This Sunday, we received the sad news that acclaimed actor Philip Seymour Hoffman passed away in his New York apartment of an alleged drug overdose. Tragically he leaves behind a partner of fifteen year and their three children.
Unfortunately, Hoffman’s death is not an anomaly. According to the Centers for Disease Control and Prevention, deaths from drug overdoses increased by 102% between 1999 and 2010. And as a recent Portland Press Herald article highlights, this problem is close to home. In Maine, deaths due to overdose are on the rise – now outnumbering traffic fatalities. While prescription drugs are involved 95% of the time, Maine has seen a step increase in heroin use. According to statistics released by the office of the Attorney General, heroin related deaths quadrupled in Maine from 2011 to 2012.
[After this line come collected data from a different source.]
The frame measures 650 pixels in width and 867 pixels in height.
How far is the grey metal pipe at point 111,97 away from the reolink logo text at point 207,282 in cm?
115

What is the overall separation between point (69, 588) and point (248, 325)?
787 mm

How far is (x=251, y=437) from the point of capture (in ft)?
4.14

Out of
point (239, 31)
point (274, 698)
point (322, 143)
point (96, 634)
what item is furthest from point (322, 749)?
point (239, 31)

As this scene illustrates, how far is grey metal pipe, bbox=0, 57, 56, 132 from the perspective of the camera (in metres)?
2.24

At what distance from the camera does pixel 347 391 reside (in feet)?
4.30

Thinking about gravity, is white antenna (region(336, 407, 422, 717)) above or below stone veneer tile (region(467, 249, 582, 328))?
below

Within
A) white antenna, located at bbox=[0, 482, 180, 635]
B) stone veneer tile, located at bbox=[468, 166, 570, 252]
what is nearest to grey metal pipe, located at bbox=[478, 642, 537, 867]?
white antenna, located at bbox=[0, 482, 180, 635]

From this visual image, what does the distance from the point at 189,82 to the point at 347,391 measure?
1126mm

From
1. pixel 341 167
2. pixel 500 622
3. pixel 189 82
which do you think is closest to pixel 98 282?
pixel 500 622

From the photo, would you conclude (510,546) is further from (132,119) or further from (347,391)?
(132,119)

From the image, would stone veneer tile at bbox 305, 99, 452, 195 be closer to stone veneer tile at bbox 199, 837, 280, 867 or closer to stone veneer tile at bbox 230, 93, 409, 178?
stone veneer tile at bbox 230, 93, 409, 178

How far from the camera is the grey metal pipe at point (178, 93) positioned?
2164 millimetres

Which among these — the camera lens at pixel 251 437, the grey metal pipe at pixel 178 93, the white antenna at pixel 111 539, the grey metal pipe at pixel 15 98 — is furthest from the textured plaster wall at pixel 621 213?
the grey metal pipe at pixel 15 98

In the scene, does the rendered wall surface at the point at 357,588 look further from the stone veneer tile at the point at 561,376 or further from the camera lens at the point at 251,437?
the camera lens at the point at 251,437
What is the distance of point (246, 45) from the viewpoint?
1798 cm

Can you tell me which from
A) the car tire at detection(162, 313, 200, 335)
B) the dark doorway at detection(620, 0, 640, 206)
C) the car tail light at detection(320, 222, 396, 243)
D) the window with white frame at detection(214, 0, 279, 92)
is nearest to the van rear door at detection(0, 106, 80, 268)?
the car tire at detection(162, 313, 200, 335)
This tragic rise in deaths due to overdose further highlight what truly is a public health problem. As these statistics demonstrate, punitive drug laws have done nothing to reduce drug use and availability. It is time now that we stop waging the failed War on Drugs and instead reach for more thoughtful, evidence-based, health solutions.
One particular step that could have real impact on preventing deaths related to overdose in Maine is LD 1686 – An Act to Address Preventable Deaths in Maine. If passed, this bill will expand the availability of a drug called Naloxone an “opioid antagonist” that counters the effects of opioid overdose. Specifically, naloxone is used to prevent life-threatening depression of the central nervous system and respiratory system, allowing an overdose victim to breathe normally. Naloxone is non-addictive and only works if a person has opioids in their system; the medication does not produce a high and has no effect if opioids are absent.
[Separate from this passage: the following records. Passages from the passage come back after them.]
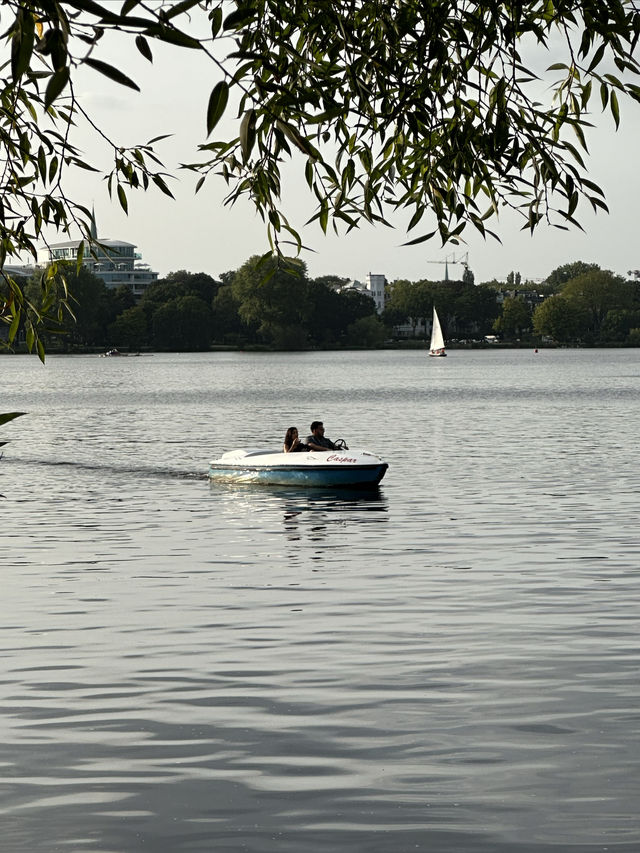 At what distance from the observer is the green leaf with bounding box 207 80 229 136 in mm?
5668

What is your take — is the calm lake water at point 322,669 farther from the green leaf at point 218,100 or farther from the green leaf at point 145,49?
the green leaf at point 145,49

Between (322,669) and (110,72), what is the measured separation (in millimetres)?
10212

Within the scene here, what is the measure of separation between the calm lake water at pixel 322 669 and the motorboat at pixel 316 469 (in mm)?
451

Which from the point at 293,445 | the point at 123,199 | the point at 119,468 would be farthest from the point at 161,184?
the point at 119,468

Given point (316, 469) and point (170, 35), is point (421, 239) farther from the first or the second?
point (316, 469)

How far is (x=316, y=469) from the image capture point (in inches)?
1415

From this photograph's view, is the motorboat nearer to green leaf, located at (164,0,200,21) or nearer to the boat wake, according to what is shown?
the boat wake

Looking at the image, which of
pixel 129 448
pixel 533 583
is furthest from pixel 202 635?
pixel 129 448

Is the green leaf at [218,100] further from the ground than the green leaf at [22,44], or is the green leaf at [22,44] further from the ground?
the green leaf at [22,44]

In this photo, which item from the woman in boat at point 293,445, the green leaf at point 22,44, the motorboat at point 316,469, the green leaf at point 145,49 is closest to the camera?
the green leaf at point 22,44

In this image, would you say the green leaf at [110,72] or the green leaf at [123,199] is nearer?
the green leaf at [110,72]

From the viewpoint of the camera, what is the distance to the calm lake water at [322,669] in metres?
9.66

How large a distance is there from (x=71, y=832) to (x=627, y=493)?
91.4 feet

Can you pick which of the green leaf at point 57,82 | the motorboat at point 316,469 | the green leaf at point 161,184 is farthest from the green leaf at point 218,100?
the motorboat at point 316,469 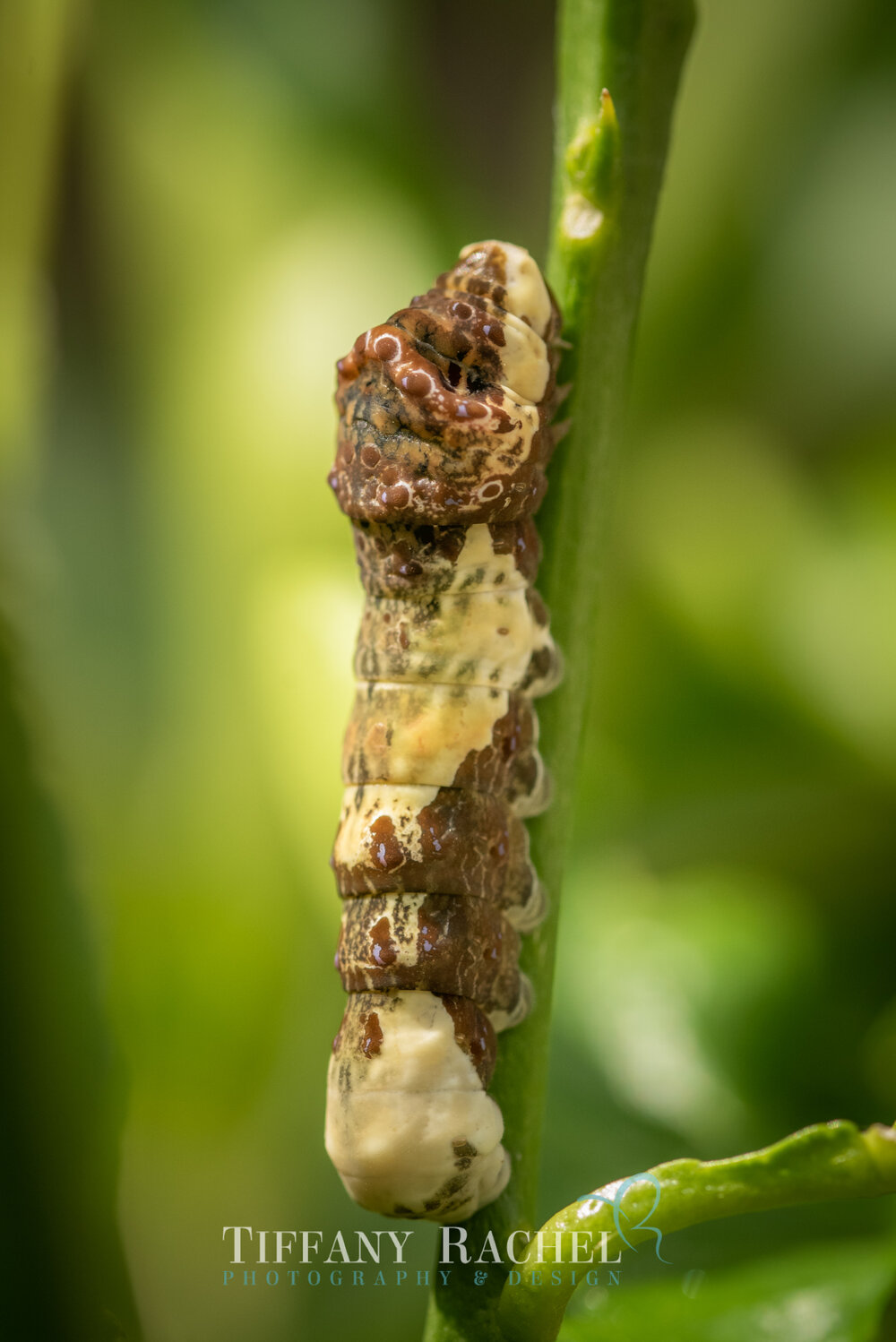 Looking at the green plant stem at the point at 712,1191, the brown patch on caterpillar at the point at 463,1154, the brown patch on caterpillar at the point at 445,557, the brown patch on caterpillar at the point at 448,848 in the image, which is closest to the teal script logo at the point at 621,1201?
the green plant stem at the point at 712,1191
Currently someone at risk of overdose can get a prescription for naloxone to self administer. However significant barriers exist to obtaining a prescription as under current law many doctors fear civil and criminal liability. LD 1686 expands the availability of naloxone by allowing people “in a position to assist” someone at risk of overdose (i.e. friends, family, EMTs, First Responders) to legally possess and administer naloxone. It also grants immunity from civil and criminal prosecution to doctors and lay people who possess and administer naloxone.
Similar programs that increase the availability of naloxone, have been proven to save lives. For instance, in San Francisco, naloxone has been distributed since the late nineties with support from the city’s department of public health. Since then, overdose fatalities decreased from a high of 155 deaths in 1995 to only 10 deaths in 2010. Similarly, in response to a surge in overdose deaths, in 2010 the police department of Quincy, Massachusetts successfully led efforts to expand the availability of naloxone. Within 18 months they had reduced the death rate by 66 percent.
Opponents of this bill speculate that increasing availability of naloxone will lead to increased drug use. However research does not support this claim. To the contrary, a six-month study of the pilot program in San Francisco found that participants were injecting less frequently and even noted a small increase in participants entering treatment programs.
Last year the ACLU of Maine testified in support of LD 1046, An Act To Provide Immunity for Prescribing and Dispensing Intranasal Naloxone Kits. While these bills have similarities, LD 1686 is a much more comprehensive bill. It will protect persons who prescribe, possess or administer naloxone from fear of prosecution. It will also ensure that naloxone is available to those who need it most, by allowing the people best positioned to assist in an opioid-related drug overdose to possess naloxone; authorizing administration of naloxone by emergency personnel; and allowing safe, third-party distribution of naloxone.
There will be a public hearing on this bill before the Health and Human Services Committee, tomorrow Wednesday February 5th at 9:00am.
Overdose prevention is just one piece of a larger puzzle in addressing this public health issue. Because LD 1686 will save lives by increasing access to naloxone for those who are in danger of overdose, we are calling on the members of the Health and Human Service Committee to pass this bill.